You may have noticed parsley in that list. We tend to differentiate sharply between Vegetables and Herbs – but the line isn’t always that clear. Parsley, often used merely as a garnish, is a vegetable in its own right in, say, Tabbouli. And while we think of scallions as vegetables, we use them more as an herb – usually in small amounts, as a flavoring or garnish.
We got our first CSA pickup the other day. The fastest growing plants are greens, and many of them do well in cool weather, so I was not surprised when Rich came home with an armload of greens. I was delighted, though, by the variety! Several kinds of lettuce – we’re definitely in salad season, now! – and a couple of bunches of spinach, of course. Radishes – the fastest growing vegetable of all, it seems… with their greens. Some early kale, and some beets and onions from storage (which is certainly above and beyond, and generous of our farmer!)
And, less obviously, dandelion greens, chives, and sorrel.
Sorrel dances on that line between vegetable and herb. It has an astonishingly lemony taste – bright and refreshing, but a bit sour to use completely alone. (One name for it is Sour grass.) It is traditionally used by the handful (not the leaf) in a variety of recipes for soup and sauce, where the sour lemon taste is featured, but balanced.
I thought of making schav (sometimes spelled shav,) an Eastern European soup that came to the US largely in Jewish cooking. It’s made with sorrel and potatoes, thickened slightly with egg, and served either hot or cold. (And available in quart bottles in the Kosher section of supermarkets.) I didn’t really have enough sorrel, though – like many greens, this one cooks down dramatically.
Instead, I opted for a simple sauce. I saw suggestions to simply wilt the leaves, and either serve as is, or puree, add other ingredients (including lemon juice, which mystified me…) and serve with eggs, fish, potatoes – anything that would form a good background to the bright sour lemony flavor.

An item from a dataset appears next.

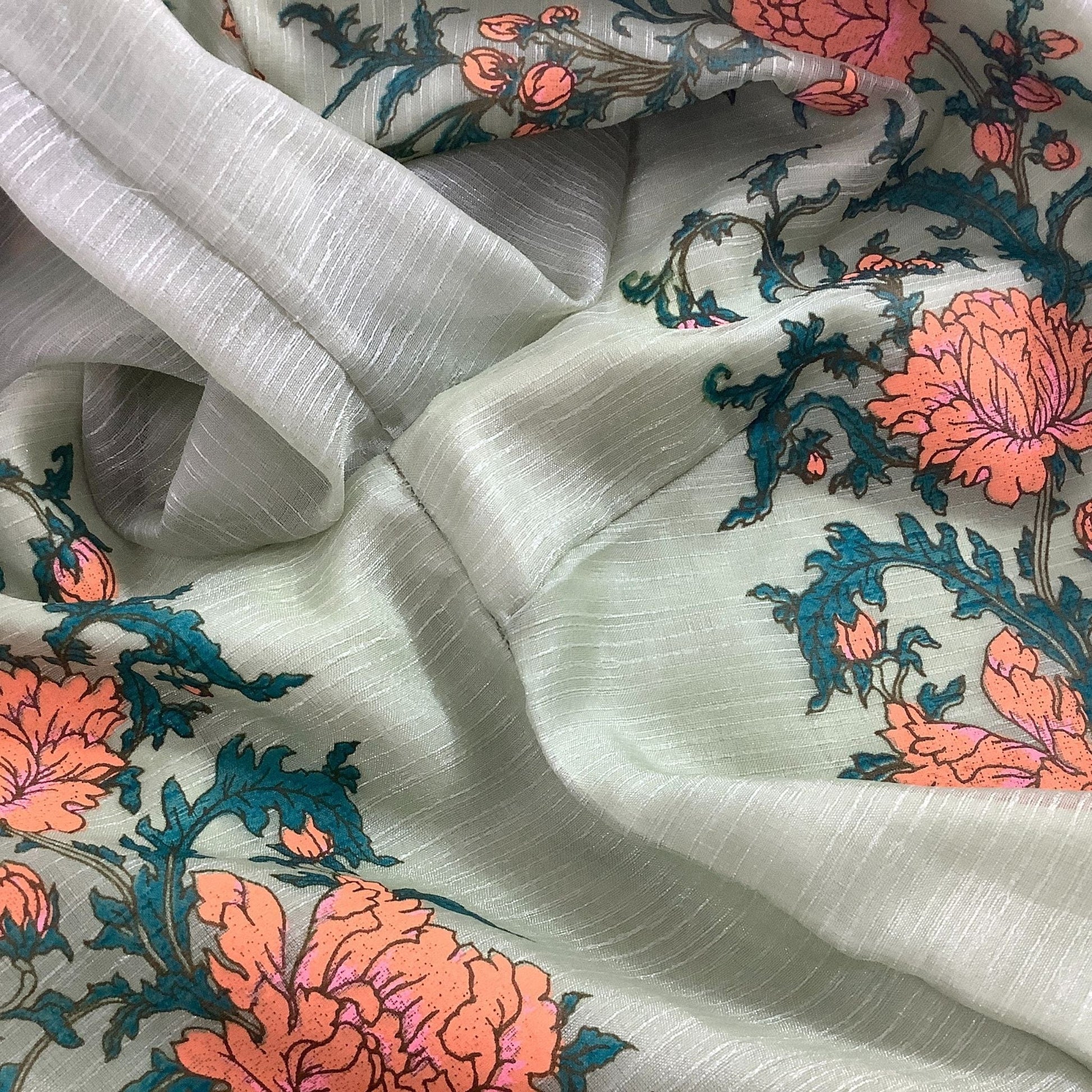 Alfred Shaheen Green Dress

The leaves are very tender, but the stems are tough and stringy, so they need to be cut off. I even saw some directions for cutting the ribs out of the leaves, but these weren’t quite that tough – I just cut off the stalks and shredded the leaves, and then washed them, then used a salad spinner to dry them completely. Sorrel is very high in oxalic acid, as well – which means that if you’ve been told to avoid spinach, kale, and other leafy greens to avoid oxalic acid, you shouldn’t eat sorrel… It also means that it reacts very badly to iron or aluminum pans. Stainless steel or a good nonstick should be fine – but I pulled out the enameled cast iron, for the very even heat and completely non-metallic surface.
I melted a little butter in the pan over medium heat, and then added the leaves. They wilted (and turned color dramatically) practically on contact – I stirred with a silicone spatula, instead of my usual tongs, and was glad I had made that choice. When they were about half cooked, after just a few minutes, I turned the heat off, and let the leaves finish cooking in the residual heat from the pan. Then I let them cool about 10-15 minutes.
Once they were cool, I put the sorrel into a mini-food processor, and whirred it a moment. Stirred it down, and added a tablespoon of butter – I wanted the richness to smooth the flavor and add depth to the sauce. Processed that until smooth.
Our dinner that night was simple pan fried tilapia filets, which I cooked in butter right in the same pan. Then I served them with the sorrel sauce, and mixed some more into the rice – and it was the perfect complement. The rest is in the refrigerator. I plan to use some in omelets, with plain baked chicken, or over potatoes – it enlivens a simple meal.
Sorrel – a Lemony Green Sauce
- 1 bunch sorrel about 8 oz
- 4 t butter divided
- Cut the stems off the sorrel, shred the leaves coarsely, and wash. Dry carefully and completely.
- Take a non-reactive fry pan, and melt a teaspoon of butter in it. (Add more, if needed to prevent sticking.) Add the sorrel leaves, and stir as they wilt. They will cook down very quickly. Allow to cool.
- Puree the sorrel and the remaining butter in a food processor until smooth.
- Refrigerate until use.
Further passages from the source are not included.